Data »
----

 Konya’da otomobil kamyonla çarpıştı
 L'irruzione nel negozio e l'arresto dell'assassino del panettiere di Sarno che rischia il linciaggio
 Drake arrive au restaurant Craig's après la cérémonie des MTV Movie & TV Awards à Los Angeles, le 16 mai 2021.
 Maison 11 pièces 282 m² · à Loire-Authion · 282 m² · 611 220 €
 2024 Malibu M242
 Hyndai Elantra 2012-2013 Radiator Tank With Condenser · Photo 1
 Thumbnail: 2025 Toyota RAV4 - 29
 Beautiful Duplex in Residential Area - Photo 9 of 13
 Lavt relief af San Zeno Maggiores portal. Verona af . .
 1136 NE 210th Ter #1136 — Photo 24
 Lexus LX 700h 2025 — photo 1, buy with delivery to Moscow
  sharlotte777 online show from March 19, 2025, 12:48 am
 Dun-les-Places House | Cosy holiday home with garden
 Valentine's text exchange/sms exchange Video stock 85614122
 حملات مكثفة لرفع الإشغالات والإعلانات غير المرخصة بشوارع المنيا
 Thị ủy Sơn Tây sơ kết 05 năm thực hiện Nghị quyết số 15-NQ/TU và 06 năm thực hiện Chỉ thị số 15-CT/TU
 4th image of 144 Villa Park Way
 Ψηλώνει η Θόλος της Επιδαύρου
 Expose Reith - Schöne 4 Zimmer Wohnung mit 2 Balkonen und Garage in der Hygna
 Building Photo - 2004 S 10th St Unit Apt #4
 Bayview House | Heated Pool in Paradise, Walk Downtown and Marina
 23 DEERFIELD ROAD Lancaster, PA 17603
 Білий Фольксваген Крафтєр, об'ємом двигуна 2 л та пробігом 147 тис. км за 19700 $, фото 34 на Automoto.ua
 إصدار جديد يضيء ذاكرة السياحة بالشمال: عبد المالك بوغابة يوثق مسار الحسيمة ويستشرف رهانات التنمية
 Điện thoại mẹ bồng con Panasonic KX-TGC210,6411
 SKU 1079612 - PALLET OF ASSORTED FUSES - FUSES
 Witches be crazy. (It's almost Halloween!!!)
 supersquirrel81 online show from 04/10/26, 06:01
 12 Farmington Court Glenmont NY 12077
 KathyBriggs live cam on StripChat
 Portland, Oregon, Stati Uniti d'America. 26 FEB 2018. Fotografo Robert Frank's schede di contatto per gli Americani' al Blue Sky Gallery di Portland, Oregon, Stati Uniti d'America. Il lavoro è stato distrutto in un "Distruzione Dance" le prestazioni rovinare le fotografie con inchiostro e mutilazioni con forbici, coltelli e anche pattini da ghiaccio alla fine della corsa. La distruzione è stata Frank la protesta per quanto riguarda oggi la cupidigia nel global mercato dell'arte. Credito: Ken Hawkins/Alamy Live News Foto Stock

----

To do »
Having read the material, return all of it word for word.

Exercise solution »
 Konya’da otomobil kamyonla çarpıştı
 L'irruzione nel negozio e l'arresto dell'assassino del panettiere di Sarno che rischia il linciaggio
 Drake arrive au restaurant Craig's après la cérémonie des MTV Movie & TV Awards à Los Angeles, le 16 mai 2021.
 Maison 11 pièces 282 m² · à Loire-Authion · 282 m² · 611 220 €
 2024 Malibu M242
 Hyndai Elantra 2012-2013 Radiator Tank With Condenser · Photo 1
 Thumbnail: 2025 Toyota RAV4 - 29
 Beautiful Duplex in Residential Area - Photo 9 of 13
 Lavt relief af San Zeno Maggiores portal. Verona af . .
 1136 NE 210th Ter #1136 — Photo 24
 Lexus LX 700h 2025 — photo 1, buy with delivery to Moscow
  sharlotte777 online show from March 19, 2025, 12:48 am
 Dun-les-Places House | Cosy holiday home with garden
 Valentine's text exchange/sms exchange Video stock 85614122
 حملات مكثفة لرفع الإشغالات والإعلانات غير المرخصة بشوارع المنيا
 Thị ủy Sơn Tây sơ kết 05 năm thực hiện Nghị quyết số 15-NQ/TU và 06 năm thực hiện Chỉ thị số 15-CT/TU
 4th image of 144 Villa Park Way
 Ψηλώνει η Θόλος της Επιδαύρου
 Expose Reith - Schöne 4 Zimmer Wohnung mit 2 Balkonen und Garage in der Hygna
 Building Photo - 2004 S 10th St Unit Apt #4
 Bayview House | Heated Pool in Paradise, Walk Downtown and Marina
 23 DEERFIELD ROAD Lancaster, PA 17603
 Білий Фольксваген Крафтєр, об'ємом двигуна 2 л та пробігом 147 тис. км за 19700 $, фото 34 на Automoto.ua
 إصدار جديد يضيء ذاكرة السياحة بالشمال: عبد المالك بوغابة يوثق مسار الحسيمة ويستشرف رهانات التنمية
 Điện thoại mẹ bồng con Panasonic KX-TGC210,6411
 SKU 1079612 - PALLET OF ASSORTED FUSES - FUSES
 Witches be crazy. (It's almost Halloween!!!)
 supersquirrel81 online show from 04/10/26, 06:01
 12 Farmington Court Glenmont NY 12077
 KathyBriggs live cam on StripChat
 Portland, Oregon, Stati Uniti d'America. 26 FEB 2018. Fotografo Robert Frank's schede di contatto per gli Americani' al Blue Sky Gallery di Portland, Oregon, Stati Uniti d'America. Il lavoro è stato distrutto in un "Distruzione Dance" le prestazioni rovinare le fotografie con inchiostro e mutilazioni con forbici, coltelli e anche pattini da ghiaccio alla fine della corsa. La distruzione è stata Frank la protesta per quanto riguarda oggi la cupidigia nel global mercato dell'arte. Credito: Ken Hawkins/Alamy Live News Foto Stock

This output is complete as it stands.